Thursday, March 26, 2015


I saw The Vaccine War on television the other  day. You should know:

  • The development of vaccines to prevent communicable diseases has been one of the reasons that life expectancy improved so dramatically in the 20th century. Communicable diseases used to kill children by the millions in Europe and the United States, and no longer do so. The major communicable diseases that continue to kill people by the million worldwide are killers in those areas where modern public health services have not arrived, or for a few diseases -- such as malaria or HIV/AIDS -- where vaccines have not yet been developed.
  • As science progresses and more is learned about the immune system and disease agents, vaccines are getting more efficacious and safer. Research and development on vaccines for a communicable disease do not stop simply because a vaccine has been developed -- when people see how a better vaccine is possible, they try to develop it.
  • Regulatory agencies work to assure that only the most efficacious, effective and safe vaccines are in use all all times.
Think about immunizing your kids this way:

If your children's school needed some supplies that were not in the school budget, parents might well organize some activity to raise supplementary funds to buy those supplies. If you could participate but chose not to do so, you would be a freeloader. If other parents took up the slack, that supplies might still be bought. If too many parents choose to be freeloaders, the campaign will not work and all the kids will suffer.

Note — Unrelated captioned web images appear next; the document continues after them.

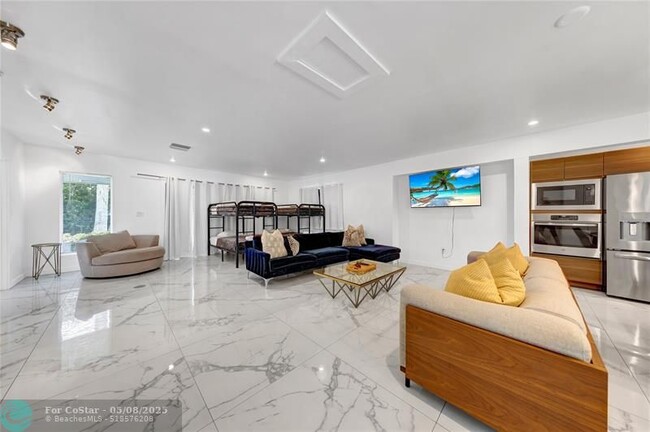 Foto del edificio - 91 NW 51st St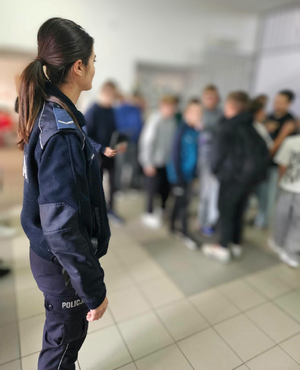 policjantka w szkole.
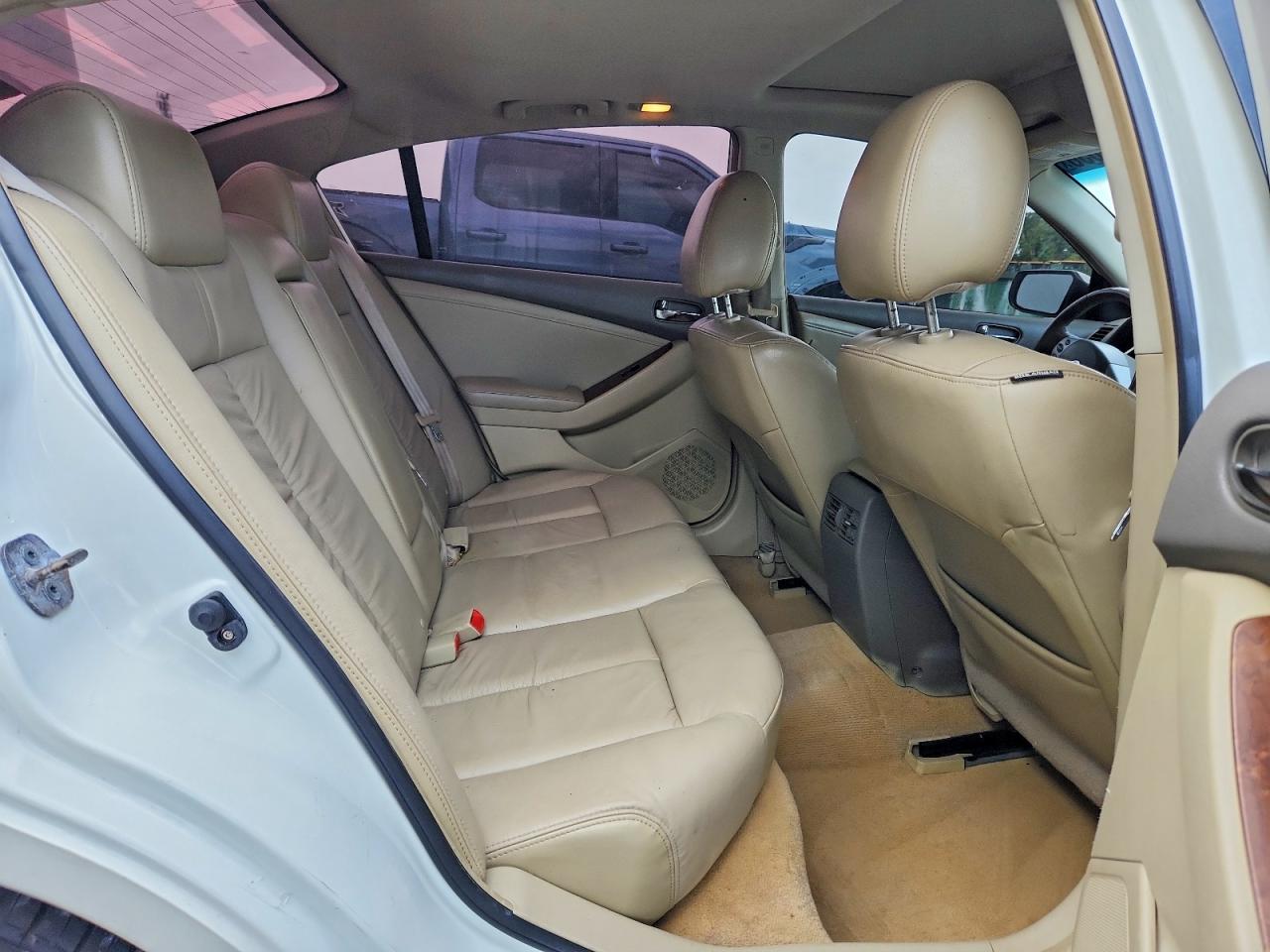 2009 Nissan Altima 2.5 Белый vin: 1N4AL21EX9N557196
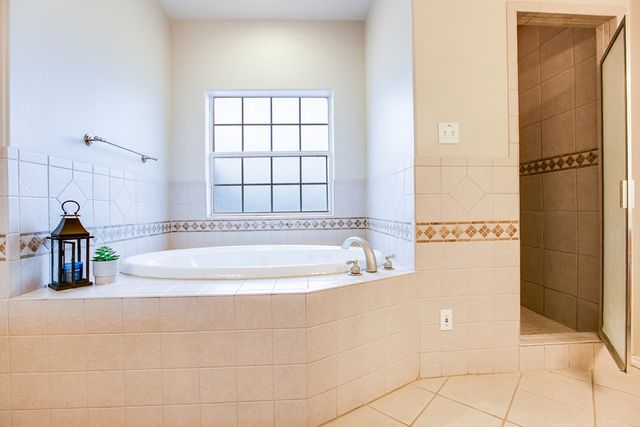 5806 Lyndhurst Drive, San Angelo, TX 76901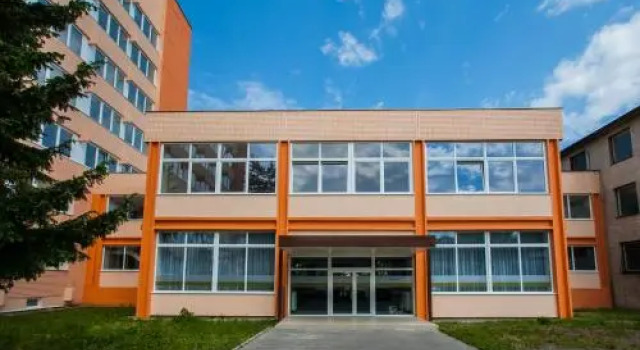 Kongresové Centrum A Grand Café Senica, Rezervovat Hotel Hotely v Trnavský kraj s parkováním, Parkování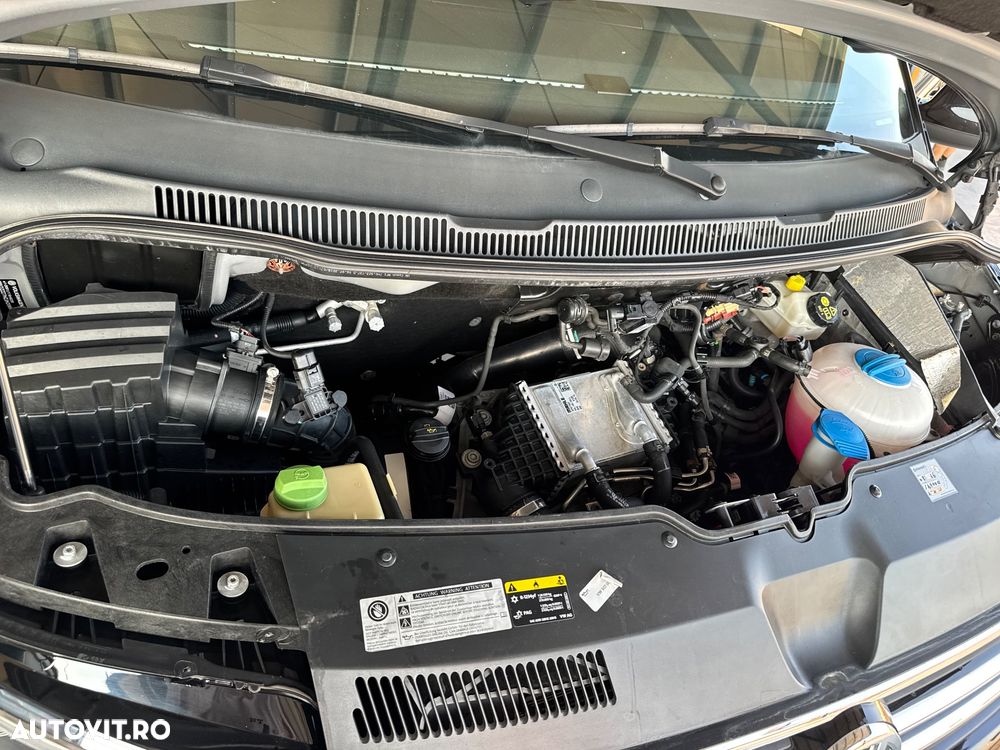 Volkswagen Caravelle LR Highline DSG - 29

If your church needs an expensive repair of the roof, the people who attend the church are likely to organize to raise the needed funds. If you don't participate in the effort, you are freeloading -- after all it is your church. If too many freeloaders are in the congregation, the roof doesn't get fixed, more damage occurs and the bill gets higher to do the necessary repairs.

Say you decide that traffic laws should apply to everyone else but not to you, so you drive after you have had a few drinks. exceed speed limits when you feel like it, and try to beat red lights. You may kill yourself or someone else, but more likely you will be seen driving this way by the police and you will be stopped and ticketed for breaking the law. If your conduct is flagrant enough you will be arrested as a criminal.

Communicable diseases have tipping points that determine what will happen if someone catches the disease in your community. If a high enough fraction of the people are immune, the disease may infect a a few people after it arrives in the community, but will soon die out. If too few people are immune, then an epidemic will occur and a lot of people will get sick from that disease. Sometimes conditions are just right and new vulnerable people will arrive in the community to take the place of those who have died of the disease or achieved immunity, and the disease will stay on as endemic. Public health immunization campaigns are the means by which communities assure that the vulnerability is below the tipping point.

There are some people in almost all communities who can not be immunized -- infants whose immune systems have not yet fully developed, old people whose immune systems no longer function well due to the aging process, and people with some medical conditions. We accept that some people will not allow their children to be immunized because of religious convictions in part because their numbers are small and adequate levels of immunity can still be maintained in the community 

As far as I am concerned, the people who don't have their children immunized due to sloth. or superstitious fear (that is fear of side effects not justified by medical information) are freeloaders. If there are too many such freeloaders, epidemics will take place such as the measles epidemic occurring now in the United States. Some people who get the disease will just be sick for a while, some will be permanently disabled due to the disease, and some will die of it. (I had mumps as an adult, before the MMP vaccine was developed, and I know from personal experience that that was serious enough to hospitalize me for a weak with fever and complications.)

If there continue to be too many freeloaders and periodic epidemics, stricter public health laws will be passed and enforced. Those who then fail to immunize their kids will be criminals.

I have some credentials to write the above message:
  • I wrote my Ph.D. dissertation on mathematical models in health planning;
  • I worked as a health planner in the World Health Organization, the U.S. Office of International Health, USAID, and the White House.
  • I managed research programs on the epidemiology of infectious diseases. One of them helped clarify the causes of pneumonia in children in developing nations, helping WHO to revise it standards for treatment of lower respiratory disease in children. Another showed Hepatitis C to be a far more prevalent disease in Egypt than had been believed or even thought possible, leading it to be recognized as a major public health challenge.
  • I managed research program on the application of biotechnology in bio-medical research. Eventually I directed the Office of Research of USAID, served as the U.S. Commissioner on the United Nations Commission on Science and Technology for Development, and as a consultant to the World Bank, Brazil and Mexico on programs to strengthen research management.